The historical community was formed in stages, beginning with the Treaty of Birds Fort on September 29, 1843, then the purchase of 10,000 acres of land in Rusk County by Benjamin Franklin Thompson in the spring of 1844. This was due to an Executive Order of United States President James K. Polk, allowing members of the Old Settler and Ridge Party Cherokees to leave Indian Territory for Texas to seek lands on which to settle and re-establish a government there in order to protect their lives and that of their families from a near civil war state that existed in the Cherokee Nation following the forced removal of 1838-39.
History
- Mount Tabor Indian Community
By Patrick Pynes, Ph.D, Northern Arizona University - There are two American Indian tribes located in Texas today that are recognized by the state government, but not by the federal government. One of these is the Mount Tabor Indian Community.
- Although generally thought of as a Cherokee community only, the Mount Tabor Indian Community also has important Choctaw, Chickasaw, and Creek (Muscogee) roots. What all four of these indigenous peoples have in common are deep roots in the U.S. Southeast and a shared experience of colonization and removal from their original homelands.

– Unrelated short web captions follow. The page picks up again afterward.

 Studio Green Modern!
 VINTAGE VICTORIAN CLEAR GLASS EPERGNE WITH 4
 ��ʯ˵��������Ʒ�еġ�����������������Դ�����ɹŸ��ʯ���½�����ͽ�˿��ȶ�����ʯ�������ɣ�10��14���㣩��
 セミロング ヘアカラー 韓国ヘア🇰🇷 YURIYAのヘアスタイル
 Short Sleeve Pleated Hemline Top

- Beginning with the community’s establishment during the 1840s, the Mount Tabor Indian Community has been located in the Rusk County area of east Texas. The community was founded in Rusk County in 1845, some six miles south of Kilgore. As of 2016, the community counted slightly more than 500 enrolled members. About 300 of these members are living in Rusk, Smith, and Gregg Counties, mainly within about twenty miles of Kilgore. Many of the community’s members live near the town of Troup in extreme southeast Smith County, near the Rusk County line.

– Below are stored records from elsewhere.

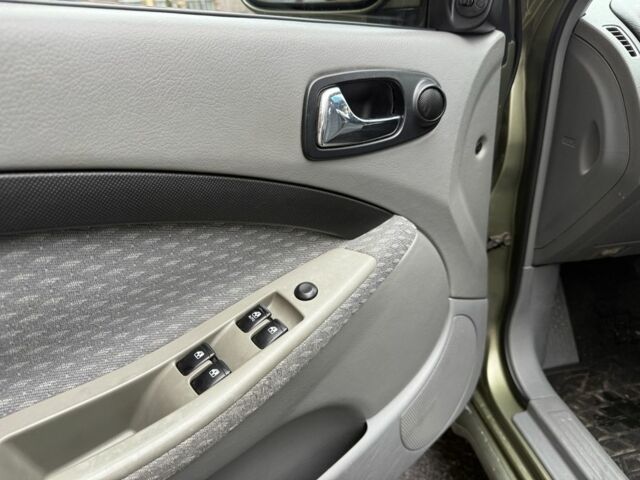 Зеленый Шевроле Лачетти, объемом двигателя 1.8 л и пробегом 275 тыс. км за 3800 $, фото 12 на Automoto.ua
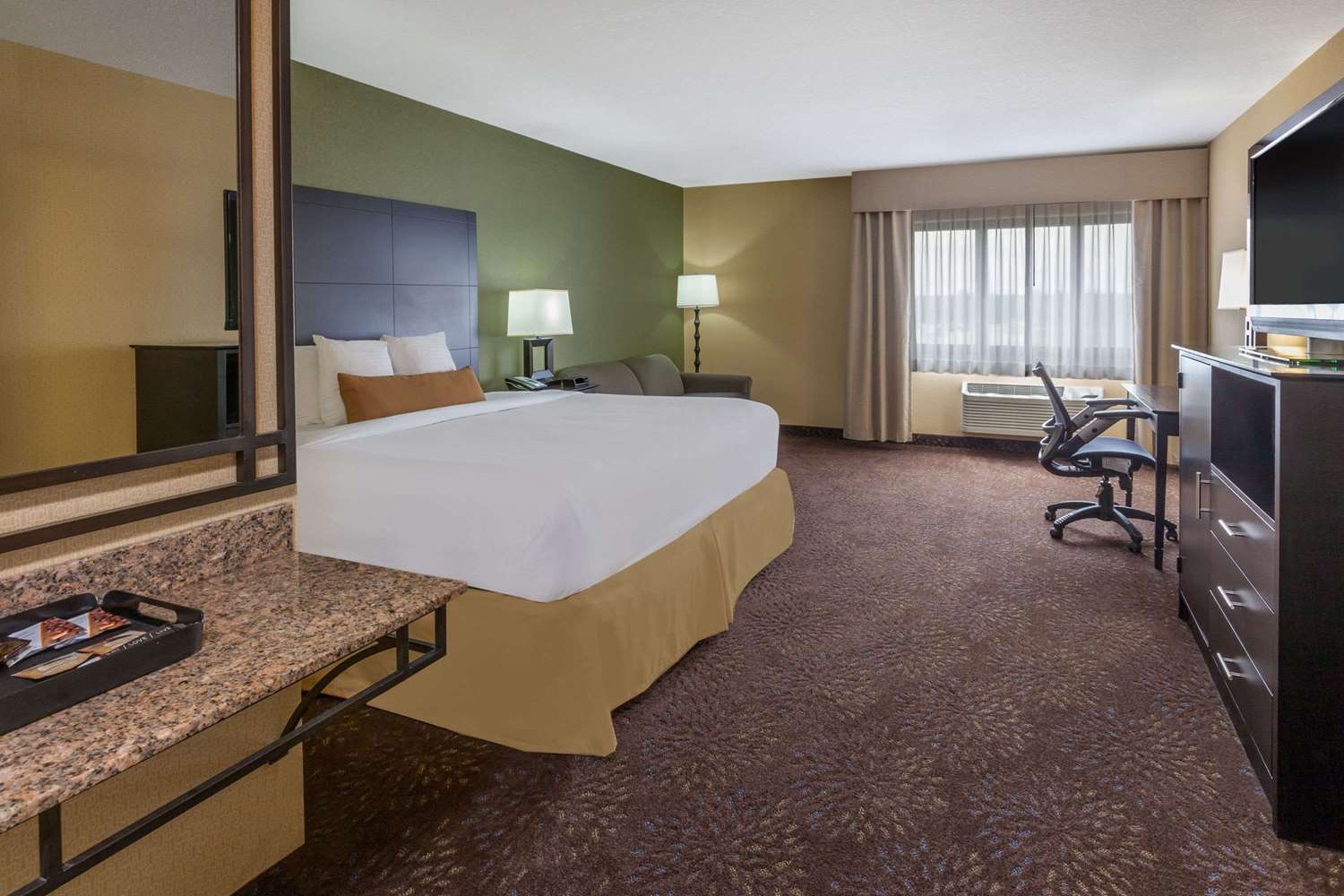 Wyndham Garden Sterling Heights - photo 32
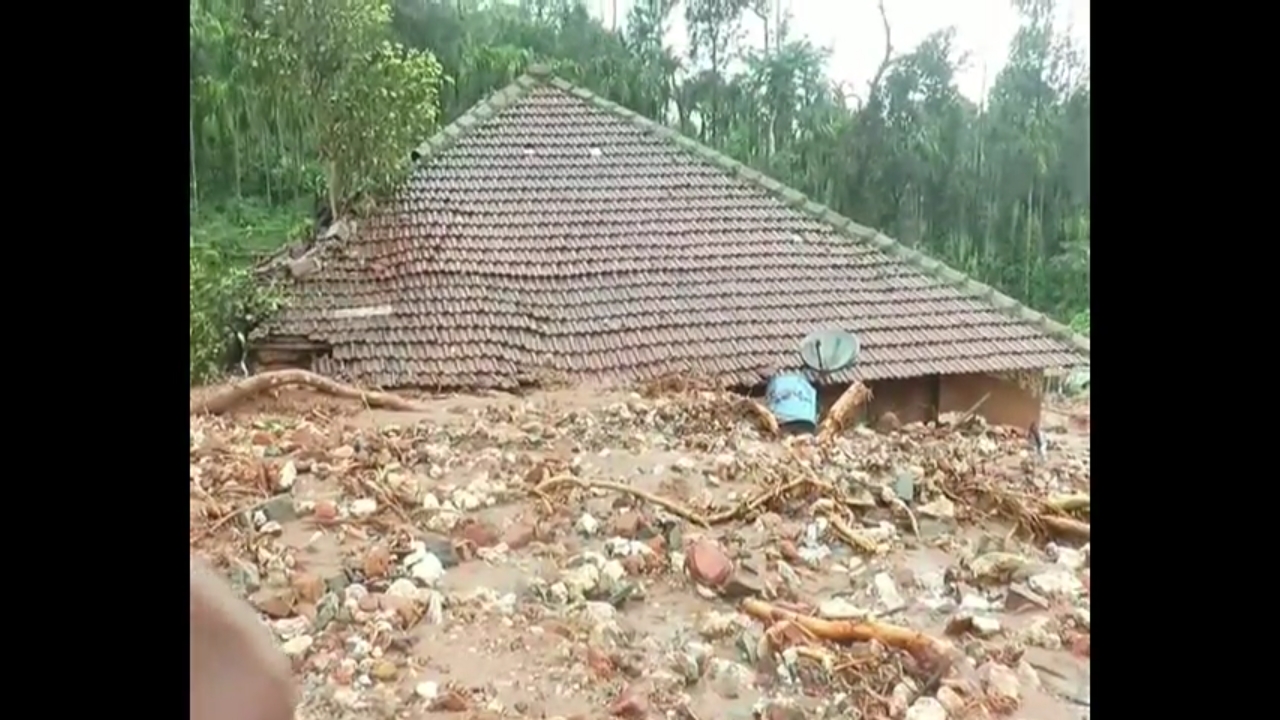 ಮಲೆಮನೆ: ಅತಿವೃಷ್ಟಿ ಸಂಭವಿಸಿ 4 ವರ್ಷ ಕಳೆದರೂ ಪರಿಹಾರ, ಪುನರ್ವಸತಿ ಮರೀಚಿಕೆ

- The Mount Tabor Indian Community’s deepest indigenous roots reach back into Arkansas, Tennessee, Georgia, and North Carolina, and to the federal government’s policies of Assimilation and Removal as a means of solving the “Indian problem.” These federal “foreign” policies originated in the early nineteenth century, especially during the Washington and Jefferson administrations. They culminated in 1830 with the passage by the U.S. Congress of President Andrew Jackson’s Indian Removal Act, despite the “no” votes of people like Congressman David Crockett of Tennessee.
Constitution
Preamble
“We, the citizens of the Texas Cherokees and Associate Bands of the Mount Tabor Indian Community an indigenous community and political organization, having a desire to firmly establish this organization in order to preserve and enrich our culture, protect and develop our natural and human resources; provide for the stabilization and economic prosperity of our families and our posterity. Do, hereby adopt and proclaim this constitution as the governing document of the Texas Cherokees and Associate Bands of the Mount Tabor Indian Community.”